What is needed: Return exactly these lines and no others: the one containing "गाय के अवशेष मिलने के बाद सड़क जाम" and all that follow it to the end of the listing below.

Information shown:
--------------------

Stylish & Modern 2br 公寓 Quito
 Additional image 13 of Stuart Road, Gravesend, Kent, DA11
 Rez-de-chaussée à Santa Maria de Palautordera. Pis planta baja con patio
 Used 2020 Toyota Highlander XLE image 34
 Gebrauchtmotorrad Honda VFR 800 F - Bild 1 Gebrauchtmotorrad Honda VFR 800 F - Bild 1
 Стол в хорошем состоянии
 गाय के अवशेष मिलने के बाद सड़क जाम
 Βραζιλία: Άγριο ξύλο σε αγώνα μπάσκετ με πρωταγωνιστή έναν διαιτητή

--------------------

Answer box:
 गाय के अवशेष मिलने के बाद सड़क जाम
 Βραζιλία: Άγριο ξύλο σε αγώνα μπάσκετ με πρωταγωνιστή έναν διαιτητή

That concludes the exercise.